REUTERS/Yannis Behrakis
Le soutien important dont jouit auprès de l’opinion grecque le gouvernement national-populiste, c’est-à-dire la coalition entre Syriza et la droite extrême (jusqu’à 60% d’opinions favorables), se fonde, pour l’essentiel, sur deux piliers. D’une part, les promesses électorales (abolition de la Troïka, fin de l’austérité et améliorations des conditions de vie de la population par un redémarrage de l’économie et une diminution du chômage, avec en prime le maintien la Grèce au sein de la zone Euro et de l’Union). D’autre part, la patience dont font preuve les partenaires européens de la Grèce qui ont convaincu l’opinion grecque que la « négociation » et le marchandage payent. Cette réalité correspond-elle aux faits ? Ces derniers semblent plus complexes, aussi bien à Athènes, qu’à Bruxelles ou à Berlin.
Ainsi, les nouveaux dirigeants grecs se trompent, ou pire, mentent, sur l’analyse des causes de la crise qui ont déterminé leurs promesses électorales. En effet, le gouvernement d’Alexis Tsipras incrimine les mesures d’austérité et le tutorat économique de la « Troïka » (Commission, Banque Centrale européenne et FMI) que subit le pays depuis le printemps 2010 comme causes premières de la crise. Or, en réalité, celle-ci a débuté à l’automne 2008. A cette époque, le vice-ministre des Finances, M. Petros Doukas a prévenu par écrit et à plusieurs reprises le gouvernement de Caramanlis junior que d’ici une année, la Grèce sera incapable tant d’assurer le service de sa dette extérieure que d’emprunter sur les marchés internationaux. Rappelons que la dette publique avait alors triplé en dix ans et que, depuis la fin des années 1980, la compétitivité de l’économie, c’est-à-dire les conditions primordiales de toute production de richesse, stagnait, voire reculait de manière inquiétante. Les causes en étaient un étatisme et un clientélisme débridés, la corruption et les détournements, ainsi qu’un système fiscal inexistant.

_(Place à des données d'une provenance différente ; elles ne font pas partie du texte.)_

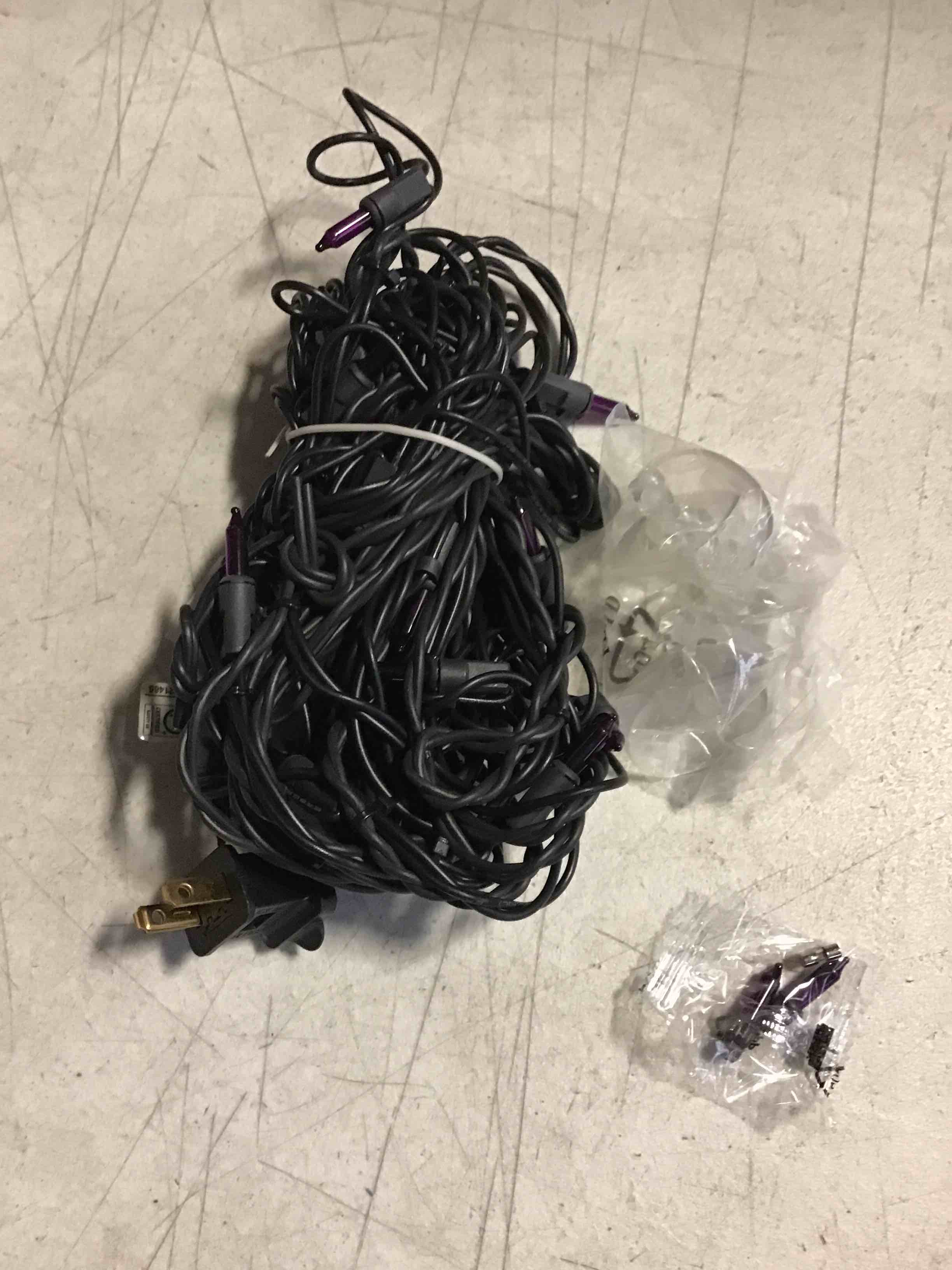 https://s3.amazonaws.com/lotting-images-prod/bidfta/RED5610699_1701439477812.jpeg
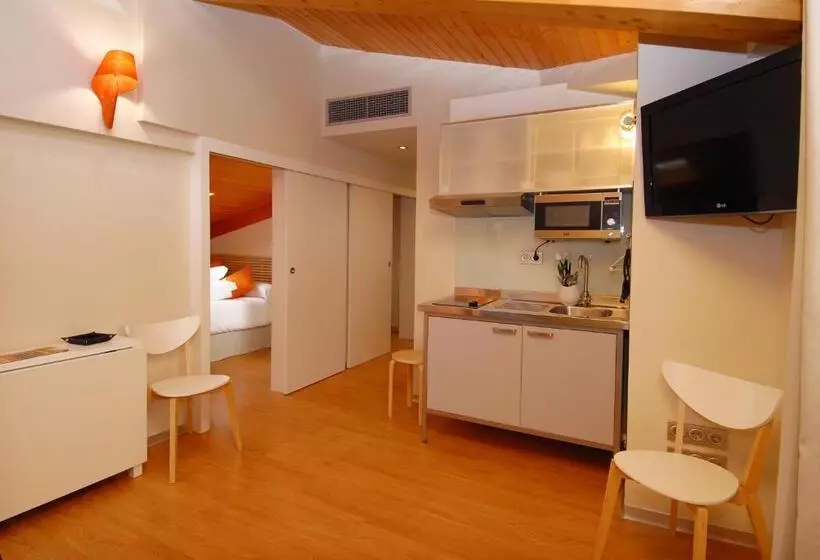 آپارتمان 2 خوابه, Hostal Rimbombin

Un océan de gabegie, de corruption et d’inefficacité
Côté européen, on a prescrit entre 2010 et 2014 des remèdes qui auraient pu, au moins partiellement, fonctionner dans un pays occidental, mais qui se sont révélés en partie inadaptés dans un pays qui constitue indéniablement le plus authentique héritier de l’Empire ottoman, l’ « Homme malade » du 19e siècle. Pire, les Européens ont persisté dans l’application de ces remèdes alors que, depuis 2013, on sait qu’ils ont peu d’effet. Ainsi, l’austérité et les velléités de dégraissages n’ont pratiquement pas réussi à diminuer le nombre de fonctionnaires : en cinq ans de crise, moins de 3% des emplois du secteur public ont été supprimés. Mis en demeure en novembre 2014 par la Troïka de prendre enfin quelques mesures énergiques, le gouvernement conservateur d’Antonis Samaras a préféré jeter l’éponge et avancer de deux mois et demi l’élection présidentielle initialement prévue pour février 2015, ce qui ne pouvait qu’aboutir à sa défaite… Cette politique d’austérité a, en revanche, multiplié les jeunes pré-retraités, a réduit drastiquement salaires et retraites et a durement frappé le secteur privé d’où est issue la totalité des 25% de chômeurs. Aucun volet du programme européen ne s’est en outre préoccupé d’une véritable aide ou incitation à la création d’emplois pour les entreprises. Il s’agissait pourtant d’une condition sine qua non pour éviter la marginalisation et le désespoir du quart de la population active du pays. Certes, on ne peut simultanément tout faire, mais en 5 ans on aurait pu tout au moins s’en préoccuper… Les quelques progrès réalisés, depuis 2010, dans les domaines administratifs et fiscaux ne constituent qu’autant de gouttes d’eau dans un océan de gabegie, de corruption et d’inefficacité.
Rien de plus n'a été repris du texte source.